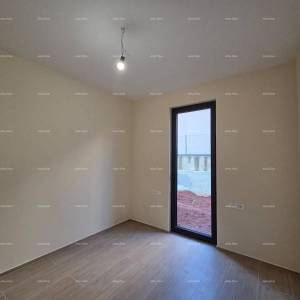 Dvosoban stan s velikim vrtom 100 metara do rive.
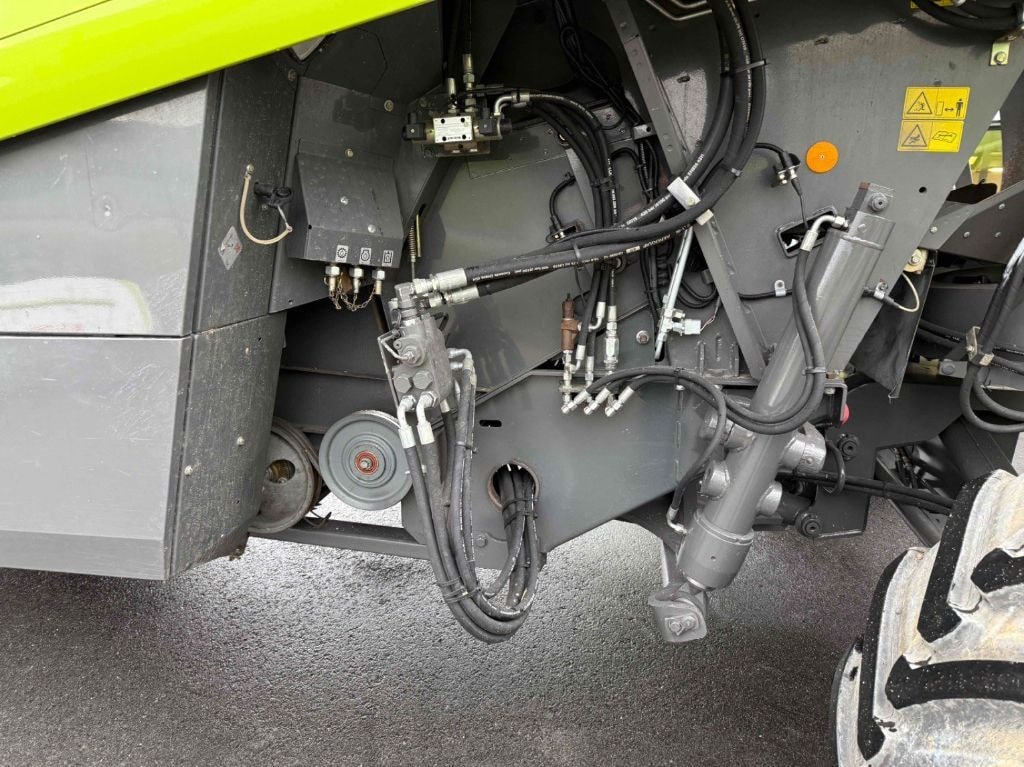 Moissonneuse CLAAS LEXION 670 MONTANA - - photo slide 17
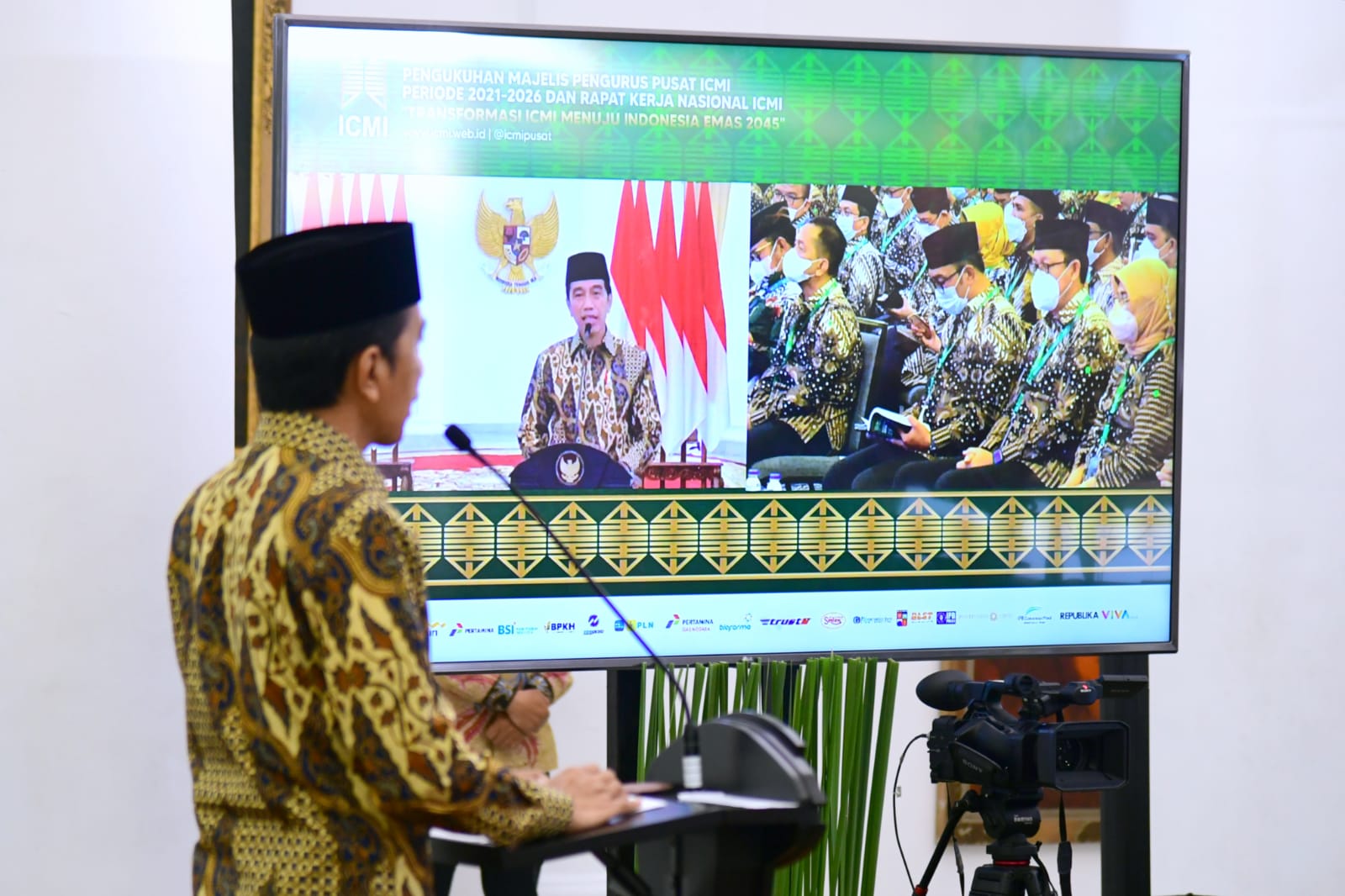 Presiden Jokowi pada Pembukaan Rakernas ICMI Tahun 2022, dari Istana Kepresidenan Bogor, Jawa Barat, Sabtu, (29/01/2022). (Foto: BPMI Setpres/Muchlis Jr)
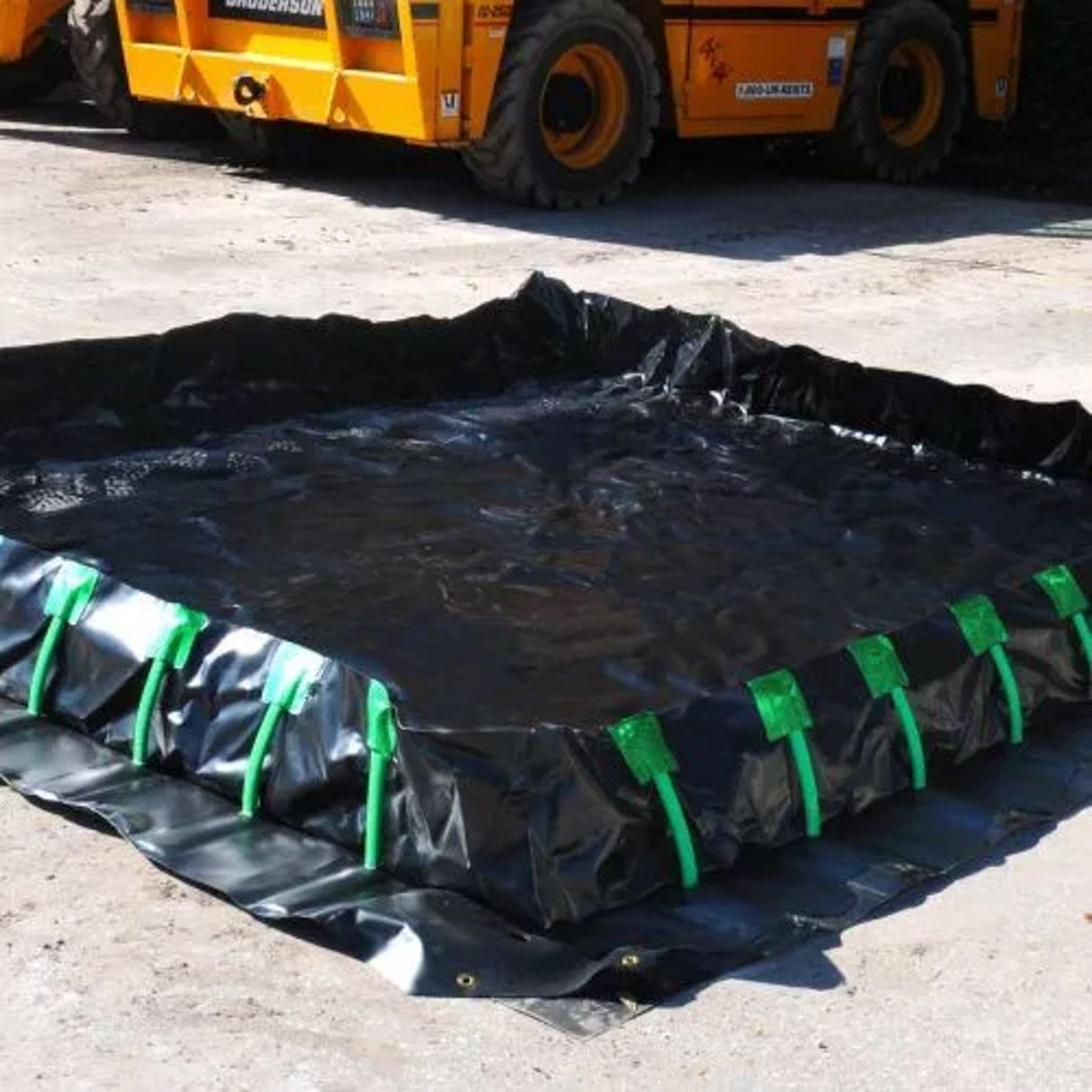 Ultra-Containment Berm® Stake Wall Model 1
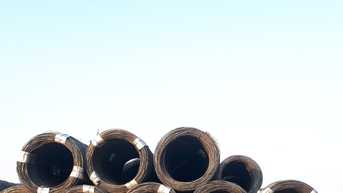 Phó Thủ tướng đề nghị 2 bộ nghiên cứu kiến nghị về thép nhập khẩu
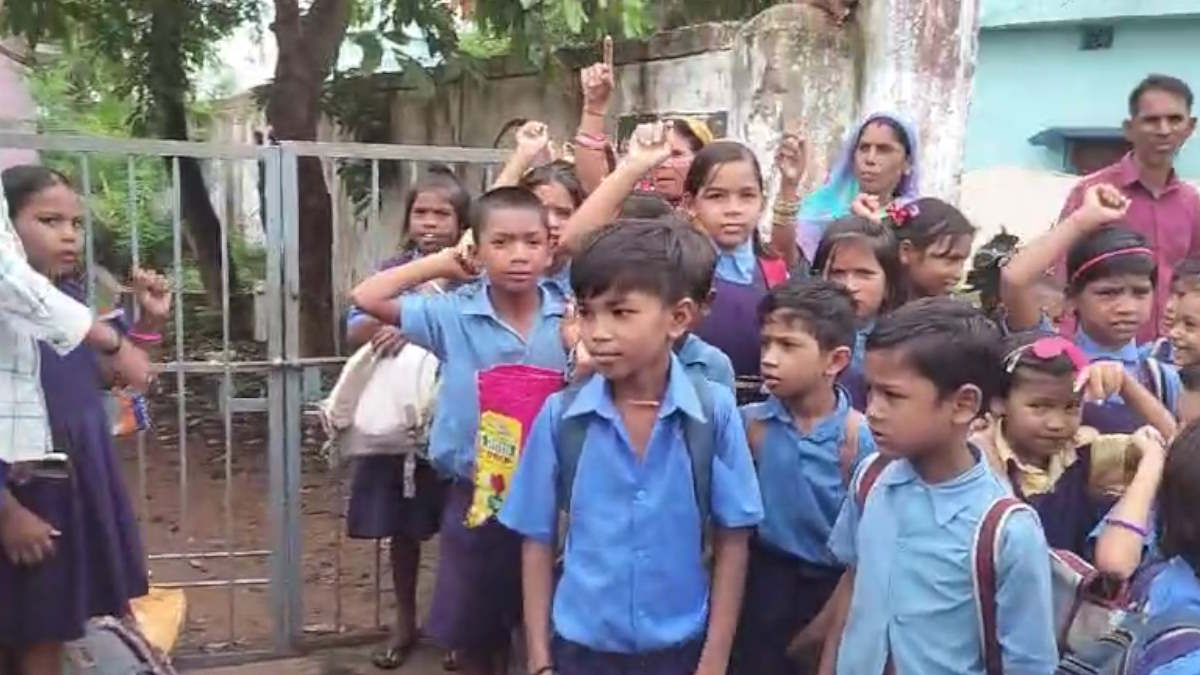 शिक्षक की मांग करते हुए छात्र व पालकों ने लगाया स्कूल में ताला, एक शिक्षक के भरोसे है पांच कक्षाएं…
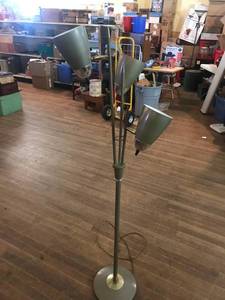 lot 42 image: Retro Floor Lamp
- - -
EXERCISE DETAILS: From the first line to the last, retype the data above exactly, but not its images.

TASK ANSWER:
 Dvosoban stan s velikim vrtom 100 metara do rive.
 Moissonneuse CLAAS LEXION 670 MONTANA - - photo slide 17
 Presiden Jokowi pada Pembukaan Rakernas ICMI Tahun 2022, dari Istana Kepresidenan Bogor, Jawa Barat, Sabtu, (29/01/2022). (Foto: BPMI Setpres/Muchlis Jr)
 Ultra-Containment Berm® Stake Wall Model 1
 Phó Thủ tướng đề nghị 2 bộ nghiên cứu kiến nghị về thép nhập khẩu
 शिक्षक की मांग करते हुए छात्र व पालकों ने लगाया स्कूल में ताला, एक शिक्षक के भरोसे है पांच कक्षाएं…
 lot 42 image: Retro Floor Lamp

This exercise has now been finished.